In the 2017 case, the employer objected that the employee’s position had already been filled. However, the Shanghai court held that women’s rights during the 22-month period implicate numerous benefits, including rights to social security coverage, and therefore chose to reinstate the employment relationship.
While the above rules are detailed and complex, there is a simple overarching principle you can use to remember how it all works. You generally can’t discharge an employee during her 22-month pregnancy and nursing period without good cause, nor can you terminate the employment relationship during that time, even if the employment contract would otherwise expire.
Effective compliance management for equal opportunity employment policies in China
The increasingly stringent statutory requirements and regulatory enforcement against sex discrimination in China mean that companies need policies in place to ensure compliance. To start with, the Protecting Women’s Rights Act requires employers to take seven specific types of action to prevent sex discrimination. The most significant three are:
- Policy Requirements: Establish a company policy that describes the process and personnel responsible for implementing sexual harassment compliance.
- Reporting Channels: Set up and designate points of contact for reporting instances of sexual harassment.
- Internal Investigations: Use an effective system for conducting internal investigations to resolve disputes, ensuring that individuals’ privacy and data are protected.
The other four include adopting safety policies, training staff to improve compliance awareness, assisting women with making claims, and providing necessary counseling services.
The law is currently phrased to say that employers “shall” take these actions, which is a language of obligation.

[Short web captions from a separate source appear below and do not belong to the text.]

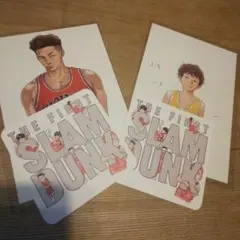 SLAM DUNKポスター2枚セット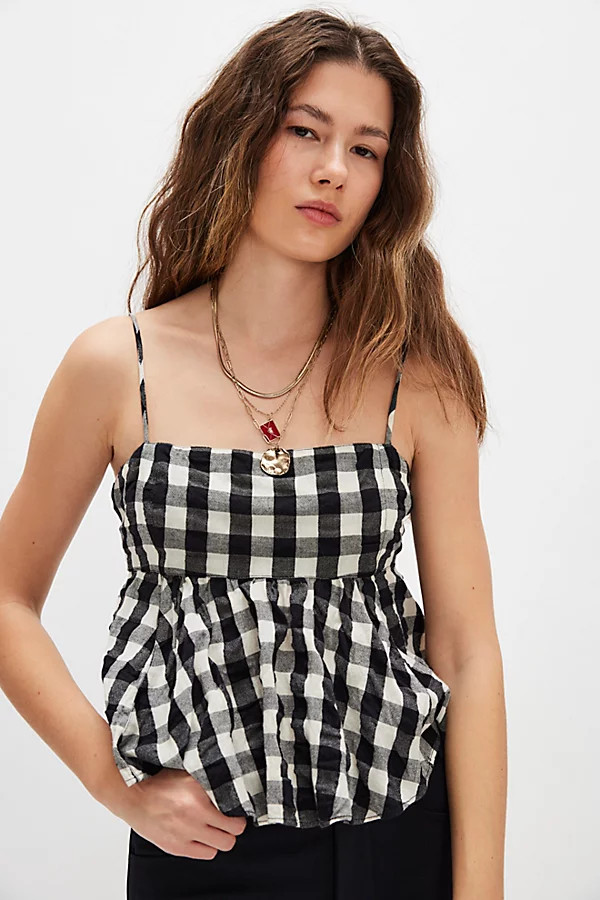 Mia Plaid Tank | Free People (Global - UK&FR Excluded)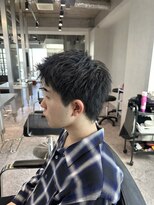 ブレス 西葛西店(BLESS)&nbsp;【高橋遼】スパイキーショート/メンズショート/アップバング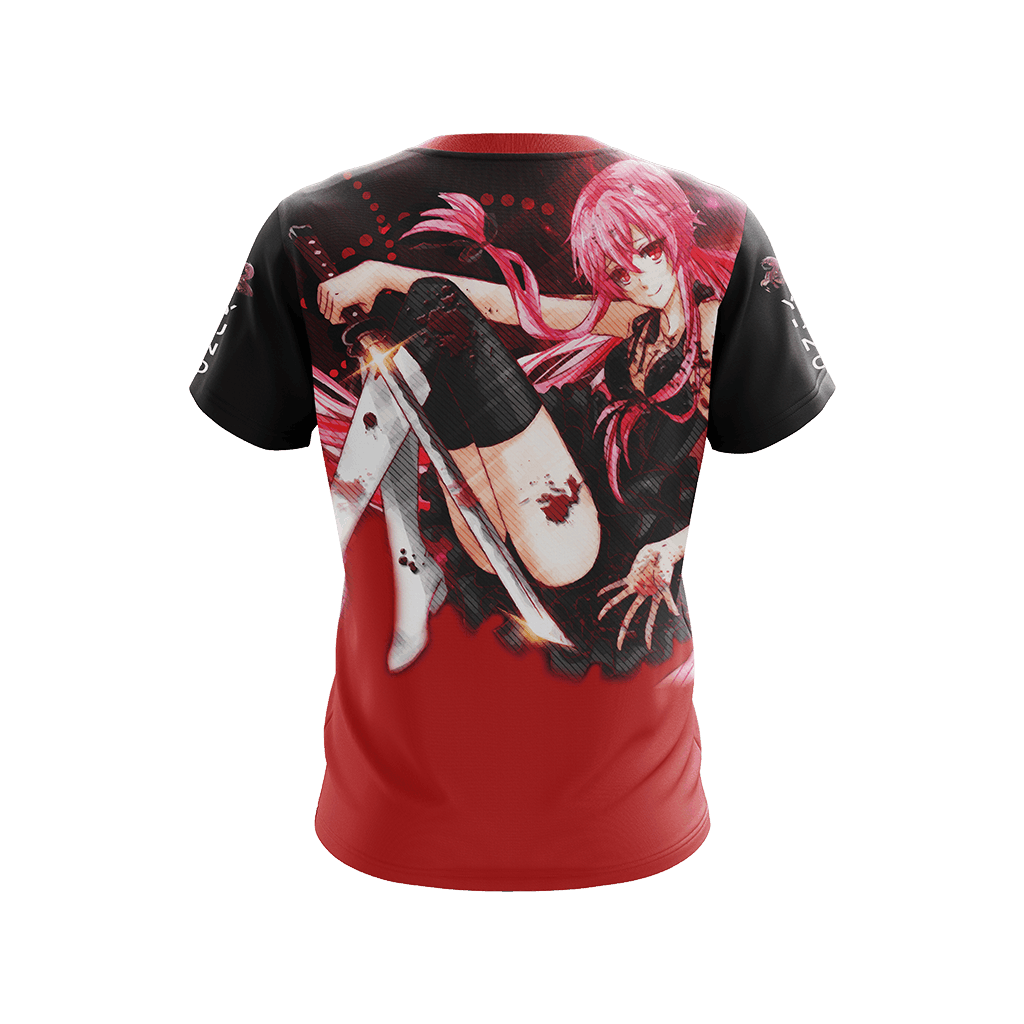 Future Diary Yuno Gasari Unisex 3D T-shirt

However, the enforcement provision in §80 only includes an order to correct non-compliance. Local governments are expected to issue additional rules to supplement this part of the statute.
Among the above statutory mandates, businesses in China need to implement company policies, reporting channels, and internal investigation procedures to avoid possible accusations of ignoring or tolerating sexual harassment. Experts in Chinese corporate culture also note that policies to prevent discrimination and harassment improve the working environment and make employees feel like the business cares about them.

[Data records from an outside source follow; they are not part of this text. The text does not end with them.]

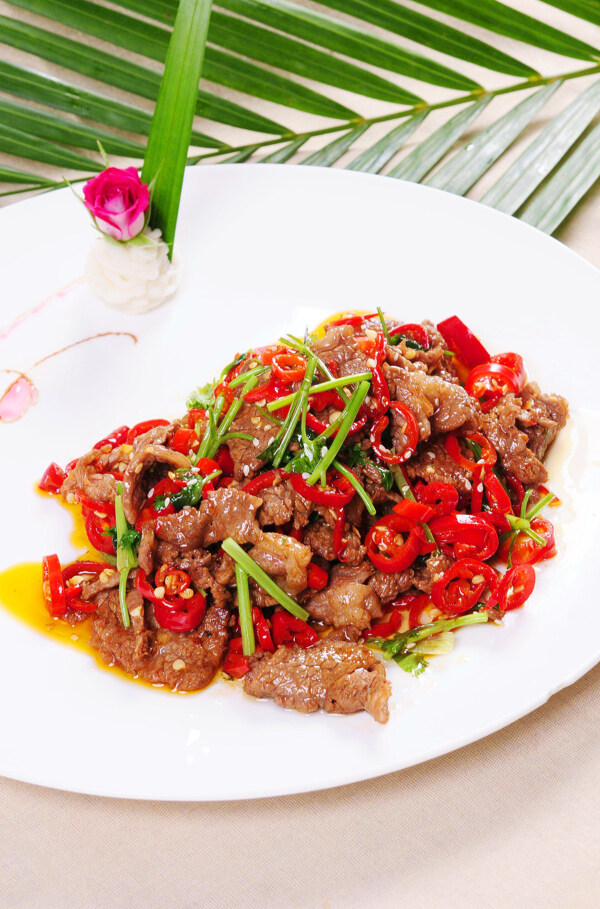 辣椒炒肉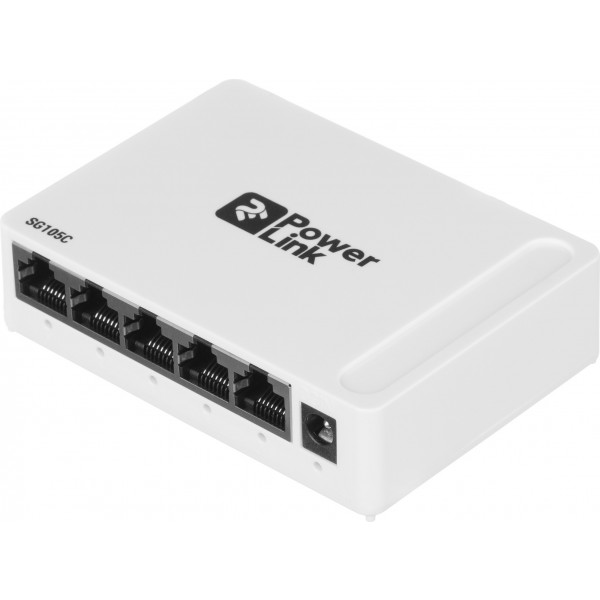 Фото - Коммутатор локальной сети (Switch) 2E SG105C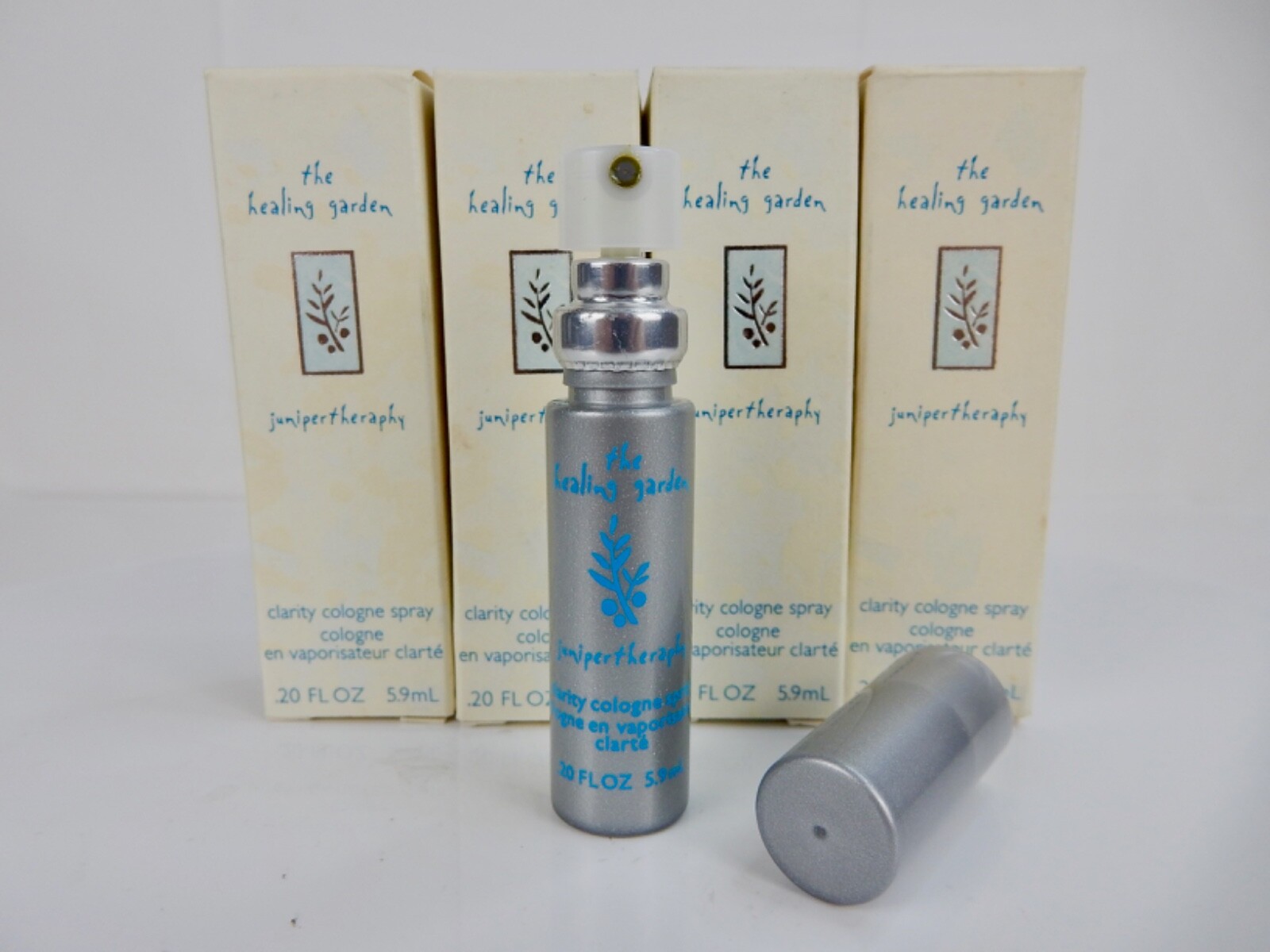 JUNIPER THERAPHY CLARITY COLOGNE SPRAY (WOMEN) .20 OZ *BUYER GETS 4 SPRAYS*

- 31 of the Protecting Women’s Rights Act provides that employers must make allowance for gynecological and breast health checkups for women employees. Employers in China will typically already have annual health checkup benefits for their employees, but these policies should be reviewed to see if they specifically cover gynecological and breast health.
While the general language of the statute requires special provisions in employment contracts for women workers, China’s human resources ministry has not released any regulatory guidance explaining what these provisions should include.
The overall legal system and approach for preventing sex discrimination in China is a national law matter. For all the issues covered in this article, the central government delegates substantial lawmaking responsibility to adapt the rules to the needs of each province, thus there will be some variation from place to place. These variations will typically include details such as the number of days allowed for maternity leave or what kind of allowance should be provided for menstruation periods.